The case of the Appellant was that she was validly allocated the said Plot 856 by the 1st Respondent by a Right of Occupancy dated 13/1/2006 and she paid all requisite fees in respect of the allocation and subsequently, obtained building plan approval over the land on 19th April, 2007, and had since been in lawful possession of the land consistently paying ground rent on the same until 2009. She claimed that although a Right of Occupancy over the same land was formerly granted to the 3rd Respondent, however, it was validly revoked by the 1st and 2nd Respondent before the land was allocated to her.

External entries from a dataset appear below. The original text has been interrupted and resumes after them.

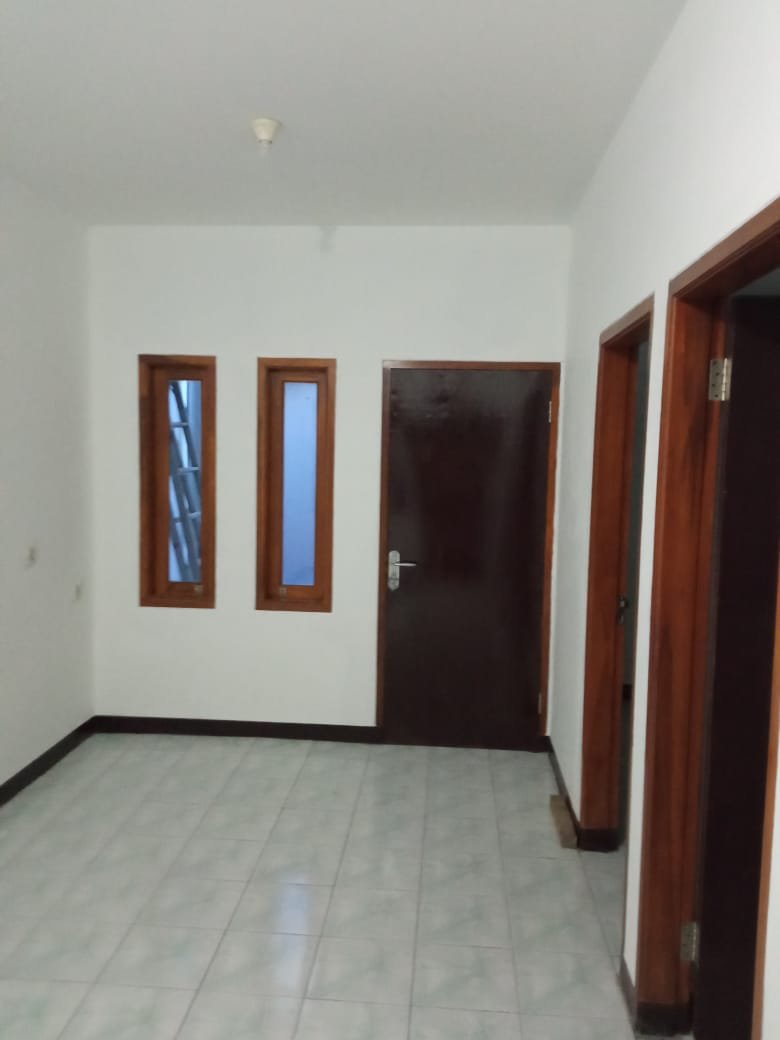 Dijual rumah kontrakan di gatsu maleer bandung dekat TSM, YOGYA, Piksi Ganesha - 4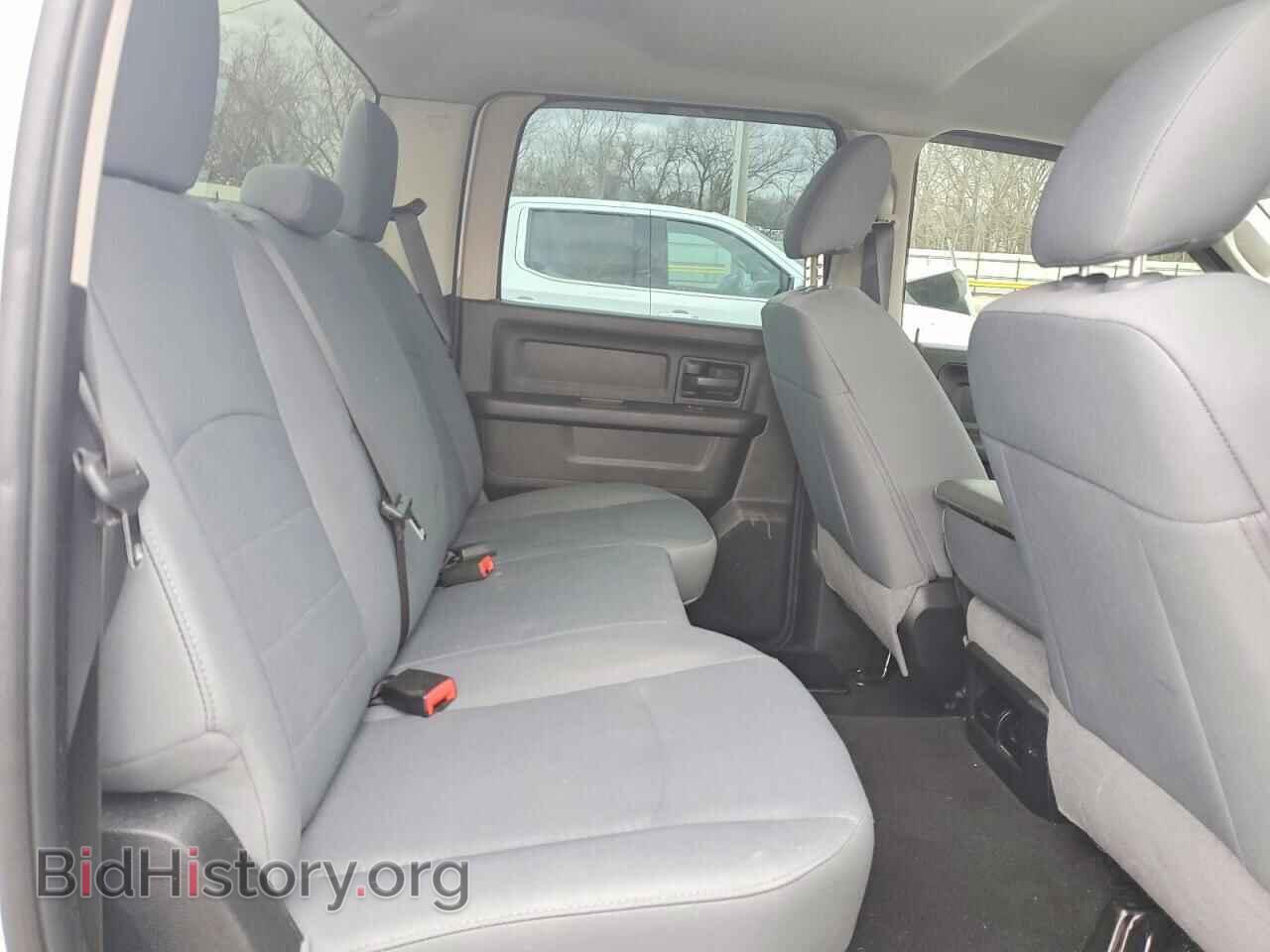 2018 RAM All Models - VIN: 3C6UR5CJ2JG192468 - Photo 10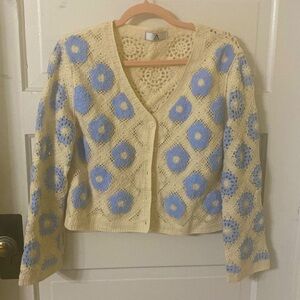 NEW Floral Patterned Cream and Blue Women's Sweater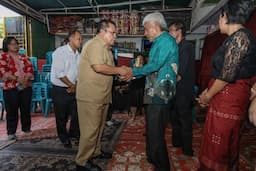 wali_kota_pematangsiantar_kunjungi_keluarga_korban_kebakaran_yang_tewaskan_anak_12_tahun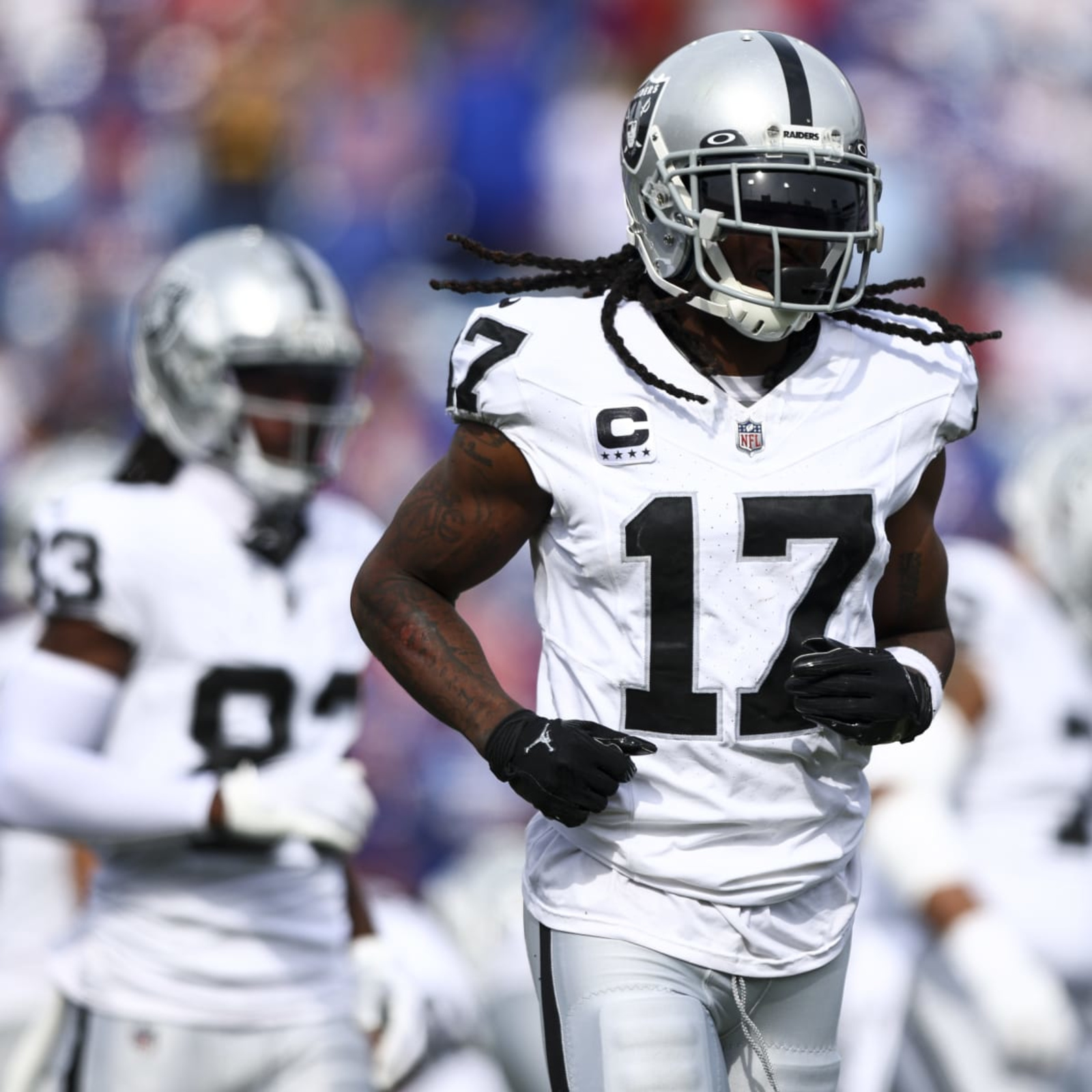 Raiders' Davante Adams 'absolutely' wants to remain with Las Vegas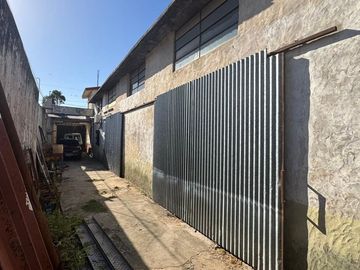 VENTA CASA 4 AMBIENTES CON GALPON SAN MARTÍN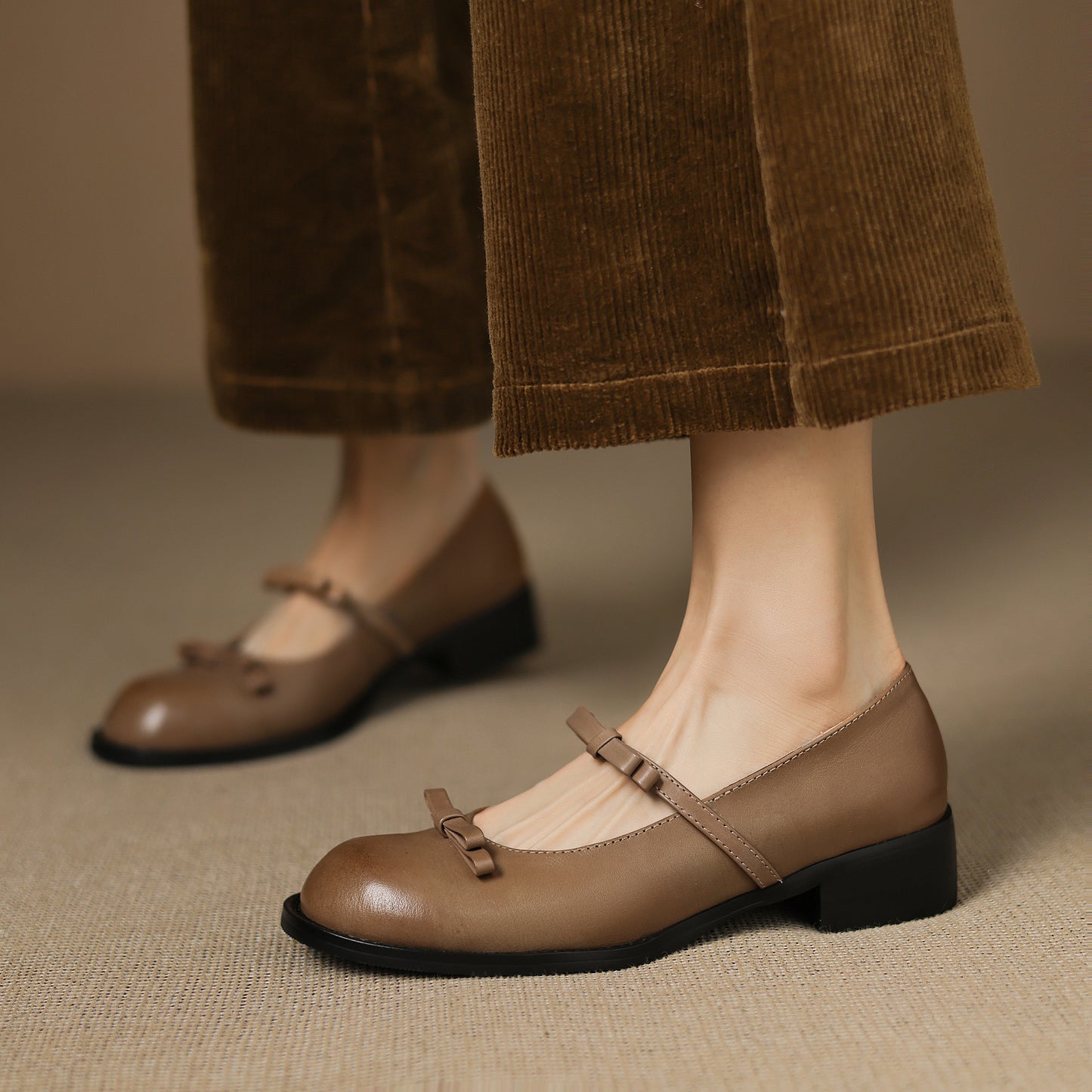 TinaCus Handmade Women's Genuine Leather Round Toe Slip-on Chunky Heel Mary Jane Shoes with Bowknot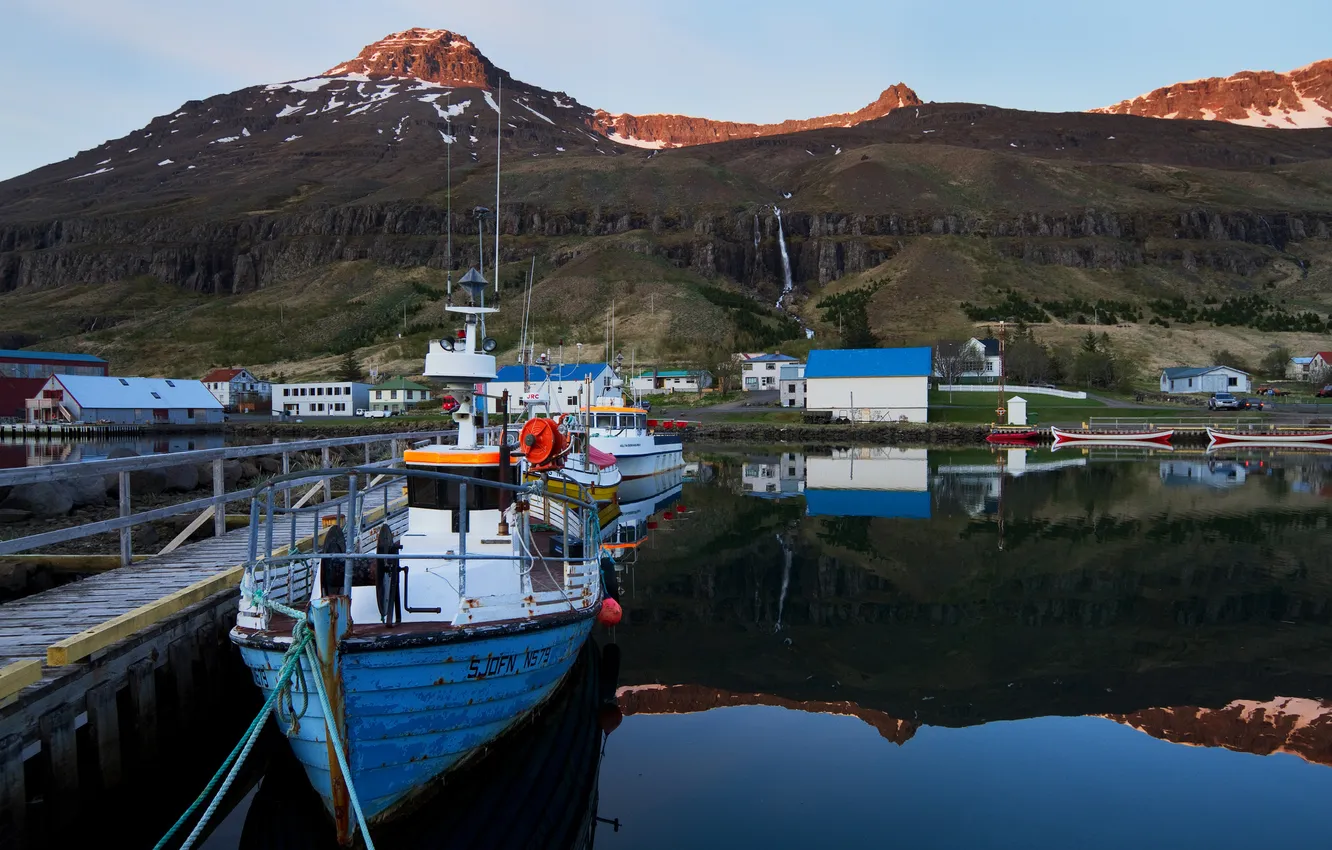 Фото обои горы, лодки, залив, Исландия, поселок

In their defence, the 1st and 2nd Respondent claimed that the allocation of the said Plot 856 to the Appellant by the 1st Respondent was done in error, as the same land had previously been allocated to the 3rd Respondent pursuant to a Statutory Right of Occupancy dated 30th December, 2002, which was never revoked, and the 3rd Respondent’s title to the land was still subsisting at the time the land was erroneously allocated to the Appellant. The 1st and 2nd Respondent’s witness testified that when the dispute arose, the 1st and 2nd Respondent attempted to settle the matter amicably between the Appellant and the 3rd Respondent by offering the Appellant an alternative plot of land and payment of N15,000,000.00 as compensation, however, she rebuffed the offer.
At the conclusion of trial, the trial court delivered its judgement dismissing the Appellant’s claims. Dissatisfied, the Appellant appealed to the Court of Appeal, which unanimously dismissed the appeal. Thereafter, the Appellant filed a further appeal at the Supreme Court.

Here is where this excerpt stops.